● **EXERCISE DIRECTIONS**:
The lines wanted run from the first one below through the one with "Casa Lunaloma - Boutique". Return them exactly.

####################

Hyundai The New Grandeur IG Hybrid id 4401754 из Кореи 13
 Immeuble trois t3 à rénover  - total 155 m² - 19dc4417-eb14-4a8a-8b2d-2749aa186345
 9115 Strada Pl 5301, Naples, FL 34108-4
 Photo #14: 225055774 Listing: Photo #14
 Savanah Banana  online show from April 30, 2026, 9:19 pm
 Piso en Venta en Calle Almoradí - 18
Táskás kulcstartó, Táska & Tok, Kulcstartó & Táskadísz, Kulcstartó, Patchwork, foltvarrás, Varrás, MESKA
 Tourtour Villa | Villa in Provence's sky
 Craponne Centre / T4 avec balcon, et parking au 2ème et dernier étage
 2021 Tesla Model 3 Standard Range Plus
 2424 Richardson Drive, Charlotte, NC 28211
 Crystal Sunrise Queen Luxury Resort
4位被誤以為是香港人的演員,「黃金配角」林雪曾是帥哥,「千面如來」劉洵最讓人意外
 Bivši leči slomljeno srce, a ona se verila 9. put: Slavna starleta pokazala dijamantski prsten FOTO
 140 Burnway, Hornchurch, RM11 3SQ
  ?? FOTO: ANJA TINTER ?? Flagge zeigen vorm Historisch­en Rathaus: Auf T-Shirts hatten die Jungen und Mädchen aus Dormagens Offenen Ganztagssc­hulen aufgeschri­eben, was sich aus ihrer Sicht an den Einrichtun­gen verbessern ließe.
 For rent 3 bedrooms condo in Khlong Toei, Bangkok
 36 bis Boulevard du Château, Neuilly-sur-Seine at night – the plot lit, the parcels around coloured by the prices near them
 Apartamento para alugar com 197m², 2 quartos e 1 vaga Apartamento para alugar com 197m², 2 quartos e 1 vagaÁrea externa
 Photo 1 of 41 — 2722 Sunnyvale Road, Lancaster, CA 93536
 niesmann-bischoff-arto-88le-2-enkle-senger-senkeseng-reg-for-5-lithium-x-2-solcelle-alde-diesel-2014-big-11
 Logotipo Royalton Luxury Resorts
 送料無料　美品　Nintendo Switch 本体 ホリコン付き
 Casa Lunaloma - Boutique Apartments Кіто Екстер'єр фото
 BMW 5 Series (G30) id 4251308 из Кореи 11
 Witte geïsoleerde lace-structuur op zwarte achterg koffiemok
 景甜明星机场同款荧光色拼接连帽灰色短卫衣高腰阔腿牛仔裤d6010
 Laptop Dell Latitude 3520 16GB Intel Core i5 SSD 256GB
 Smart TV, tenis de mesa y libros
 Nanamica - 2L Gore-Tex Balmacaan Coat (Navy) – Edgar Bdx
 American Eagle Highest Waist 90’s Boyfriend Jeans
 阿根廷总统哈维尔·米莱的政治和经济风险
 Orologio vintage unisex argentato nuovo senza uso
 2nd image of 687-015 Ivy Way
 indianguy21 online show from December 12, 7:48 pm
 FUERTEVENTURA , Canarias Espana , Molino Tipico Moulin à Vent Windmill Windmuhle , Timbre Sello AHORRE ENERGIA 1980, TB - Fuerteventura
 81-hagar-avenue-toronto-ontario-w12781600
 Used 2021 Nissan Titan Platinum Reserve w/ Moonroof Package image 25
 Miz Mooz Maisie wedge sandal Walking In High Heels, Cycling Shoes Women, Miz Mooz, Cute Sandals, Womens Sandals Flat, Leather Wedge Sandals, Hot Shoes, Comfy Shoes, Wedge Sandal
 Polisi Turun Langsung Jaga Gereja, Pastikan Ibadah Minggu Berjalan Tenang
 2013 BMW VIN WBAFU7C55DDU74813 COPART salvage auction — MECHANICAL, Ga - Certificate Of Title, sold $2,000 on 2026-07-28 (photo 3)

####################

● **SOLVED PROBLEM**:
Hyundai The New Grandeur IG Hybrid id 4401754 из Кореи 13
 Immeuble trois t3 à rénover  - total 155 m² - 19dc4417-eb14-4a8a-8b2d-2749aa186345
 9115 Strada Pl 5301, Naples, FL 34108-4
 Photo #14: 225055774 Listing: Photo #14
 Savanah Banana  online show from April 30, 2026, 9:19 pm
 Piso en Venta en Calle Almoradí - 18
Táskás kulcstartó, Táska & Tok, Kulcstartó & Táskadísz, Kulcstartó, Patchwork, foltvarrás, Varrás, MESKA
 Tourtour Villa | Villa in Provence's sky
 Craponne Centre / T4 avec balcon, et parking au 2ème et dernier étage
 2021 Tesla Model 3 Standard Range Plus
 2424 Richardson Drive, Charlotte, NC 28211
 Crystal Sunrise Queen Luxury Resort
4位被誤以為是香港人的演員,「黃金配角」林雪曾是帥哥,「千面如來」劉洵最讓人意外
 Bivši leči slomljeno srce, a ona se verila 9. put: Slavna starleta pokazala dijamantski prsten FOTO
 140 Burnway, Hornchurch, RM11 3SQ
  ?? FOTO: ANJA TINTER ?? Flagge zeigen vorm Historisch­en Rathaus: Auf T-Shirts hatten die Jungen und Mädchen aus Dormagens Offenen Ganztagssc­hulen aufgeschri­eben, was sich aus ihrer Sicht an den Einrichtun­gen verbessern ließe.
 For rent 3 bedrooms condo in Khlong Toei, Bangkok
 36 bis Boulevard du Château, Neuilly-sur-Seine at night – the plot lit, the parcels around coloured by the prices near them
 Apartamento para alugar com 197m², 2 quartos e 1 vaga Apartamento para alugar com 197m², 2 quartos e 1 vagaÁrea externa
 Photo 1 of 41 — 2722 Sunnyvale Road, Lancaster, CA 93536
 niesmann-bischoff-arto-88le-2-enkle-senger-senkeseng-reg-for-5-lithium-x-2-solcelle-alde-diesel-2014-big-11
 Logotipo Royalton Luxury Resorts
 送料無料　美品　Nintendo Switch 本体 ホリコン付き
 Casa Lunaloma - Boutique Apartments Кіто Екстер'єр фото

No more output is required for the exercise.